Reconstruction is conclusive evidence that the army will perpetrate barbarous acts against Americans over a long period. Whether you think the Bonus Marchers were rabble or deserving veterans, the fact is that the army attacked and dispersed them when told to do so. For a more recent - and deadly- example, the Kent State Shootings illustrate that troops will fire on unarmed civilians. In the Kent State incident, the person killed who was closest to the Guardsmen was 265 feet away. This was Jeffrey Miller, the person lying dead in the famous photograph from the shooting.
Police routinely beat, club, gas, "taze" or shoot people when told to and they are not a different species from military personnel. John Marshall chronicled many of the outrages perpetrated against citizens in his 1869 book American Bastile. If you are in doubt about how the military will act, his book is a good place to start your research.
When there is a legal challenge - as there almost certainly will be - to the provisions in the NDAA allowing indefinite detention of citizens by the military, it will become apparent that present-day citizens owe an eternal debt of gratitude to Colonel Lambdin P. Milligan. Milligan was imprisoned by the Union for several months and had been sentenced to death by hanging. He sued demanding a writ of habeas corpus, his suit reaching the Supreme Court.
Several people tried to get the steel-spined Milligan to withdraw the suit, assuring him of a pardon if he would drop it. He refused.
The Supreme Court heard the case and rendered a verdict in 1866. Some of the relevant parts from a syllabus of the case (here) are:
7. Military commissions organized during the late civil war, in a State not invaded and not engaged in rebellion, in which the Federal courts were open, and in the proper and unobstructed exercise of their judicial functions, had no jurisdiction to try, convict, or sentence for any criminal offence, a citizen who was neither a resident of a rebellious State nor a prisoner of war, nor a person in the military or naval service. And Congress could not invest them with any such power. (emphasis added)
8. The guaranty of trial by jury contained in the Constitution was intended for a state of war, as well as a state of peace, and is equally binding upon rulers and people at all times and under all circumstances.

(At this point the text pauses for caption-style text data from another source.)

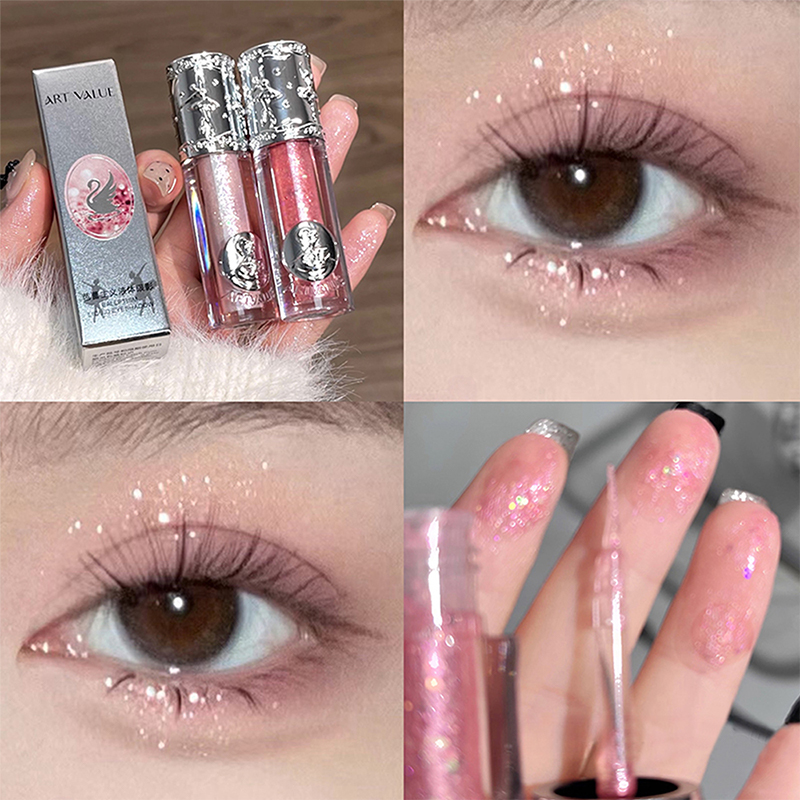 Liquid Eyeshadow With Fine Shimmer For High Light And Influencer Look 9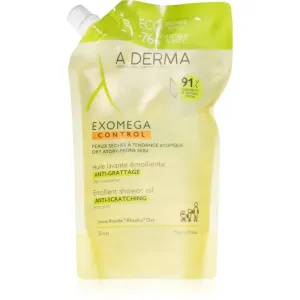 A-DERMA Ersatz-Nachfüllpackung für weichmachendes Duschöl für trockene Haut, die zu atopischem Ekzem neigt Exomega Control (Emollient Shower Oil) 500 ml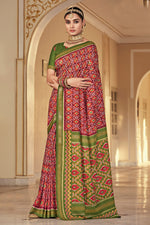 Load image into Gallery viewer, Creative Foil Printed Saree In Multi Color Art Silk Fabric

9. The Federal authority having been unopposed in the State of Indiana, and the Federal courts open for the trial of offences and the redress of grievances, the usages of war could not, under the Constitution, afford any sanction for the trial there of a citizen in civil life not connected with the military or naval service, by a military tribunal, for any offence whatever.
Congress of course pays even less attention to the Constitution now than it did then, but it will be interesting to see how this is decided. Congress not only doesn't have any such authority, but is specifically forbidden by the 4th, 5th, 6th and probably the 10th Amendments from delegating this non-existent authority.
When it comes to enforcing this, it cannot be hoped that many soldiers will refuse to follow whatever orders they are given. There are a lot more like Charles Graner than Antonio Taguba or Hugh Thompson.